Composing with


h 16:00 – 19:00
Via Ponzio Cominio, 101

Kees Tazelaar, Visiting Professor from the prestigious Royal Conservatory Den Haag, Saint Louis’ Erasmus+ partner, is Director of the Department of Sonology and will be at Saint Louis, Rome branch to present two workshops aimed at students of Electronic Music and Applied Music Composing with Voltage – Control Techniques.

On Thursday, February 29, the workshop will be held at Studio Miriam (Via Ponzio Cominio, 101, Metro A Lucio Sestio stop).

Composing with Voltage-Control Techniques
Thursday, February 29, h 4-7 p.m.
Via Ponzio Cominio, 101
00175 Roma

Open to academic students of Biennium of Electronic and Applied Music and Triennium of Electronic and Applied Music subject to availability.

Free admission by reservation.

Training credits for academic courses: 1 CFA

Program Composing with Tension – Workshop

Variable Functions 1 and 2 were created between September 2022 and August 2023 in the Voltage Control Studio of the Institute of Sonology at the Royal Conservatory of Music in The Hague.
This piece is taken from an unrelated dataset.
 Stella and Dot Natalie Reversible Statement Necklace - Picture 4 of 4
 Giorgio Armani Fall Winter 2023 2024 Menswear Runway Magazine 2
The title refers to Gottfried Michael Koenig’s Funktionen (1967-69), a series of papers focusing on voltage control technology, which was relatively new at the time, and in particular on the so-called Variable Function Generator, used to determine both the timbre of the Funktionen’s base material and the parameters of the circuits used to transform this base material. With these compositions, Koenig has taken an important step in the further development of a way of composing electronic music in which there is no distinction between material and form, between temporal structure and timbral movement.

Koenig used voltage control techniques in the Funktionen to “program,” so to speak, the study. Different combinations of sounds and control signals and different distributions of sound types on the large form led to the different versions, whose titles are distinguished by color: Funktion Grün, Gelb, Rot, and so on. The Funktionen are thus not the result of the cut-and-paste work so common in analog studios, but of a truly new way of transferring compositional representation to a technical reality.

“Virtually all of my compositions created in Sonology’s voltage control studio since 1996,” says Kees Tazelaar, “have been strongly influenced by this way of working.” In addition, the tone generators, modulators, and filters in this study are now available in much greater numbers, and many new devices have been designed and built in this context, allowing for much more complex circuits that produce results with inherent polyphonic and spatial qualities. For Variable Functions 1 and 2, the devices of such a circuit were set up, after which multichannel recordings of the sound results were made without turning knobs or sliding faders. The devices were given a “command,” but they were not “played.” Circuit output recordings appear in the compositions in virtually unchanged form, although they may overlap one another.

“Another Koenig composition that should be mentioned in relation to my working method is Terminus (1962). Terminus has not only influenced my way of working in the tension control studio: in fact, there has not been a single composition I have made in which the influence of Terminus is not present in some way since my analysis of that piece in 1995.” At the heart of Terminus is the idea of combining the formal plan and the technical process of work. A number of sound structures were subjected to successive transformations (amplitude modulation, ring modulation, filtering, chopping, etc.) The sound structures and their transformations were noted on a family tree diagram, which formed the basis of how the genesis of the material develops over time as musical development. The different trajectories along the branches of the diagram result in variations in the form of the composition, which is thus not the result of a specific processing of the diagram: rather, the diagram is a potential form that includes the possible variations.

The idea of programming the voltage control study by means of complex circuits and systematically varying their settings played a key role in the realization of the sound structures of Variable Functions, while the family tree model is the basis of the two form variants developed so far.

Kees Tazelaar Bio

Kees Tazelaar took Sonology courses in Utrecht and The Hague and later studied composition under Jan Boerman at theRoyal Conservatory Den Haag. He has been teaching at the Institute of Sonology since 1993 and has been its director since 2006.
His electronic music is characterized by a combination of formalization, sonic richness, and a compositional approach to sound spatialization. His compositions have been commissioned by Performing Arts Fund NL, Johan Wagenaar Stichting, Festival in de Branding, Hollandia, De Veenfabriek, Festival Relevante Musik Berlin, and Groupe de Recherches Musicales Paris.
In addition to being a composer, Kees Tazelaar is a historian, specializing in the early years of electronic music in the Netherlands and Germany. He was twice Edgard Varèse Guest Professor at the Technische Universität Berlin, where he received his Ph.D. in 2013 with the dissertation On the Threshold of Beauty: Philips and the Origins of Electronic Music in the Netherlands 1925-1965 (Rotterdam: V2_Publishing, 2013).
Kees Tazelaar was awarded a Fellowship Residency by the Bogliasco Foundation in 2017.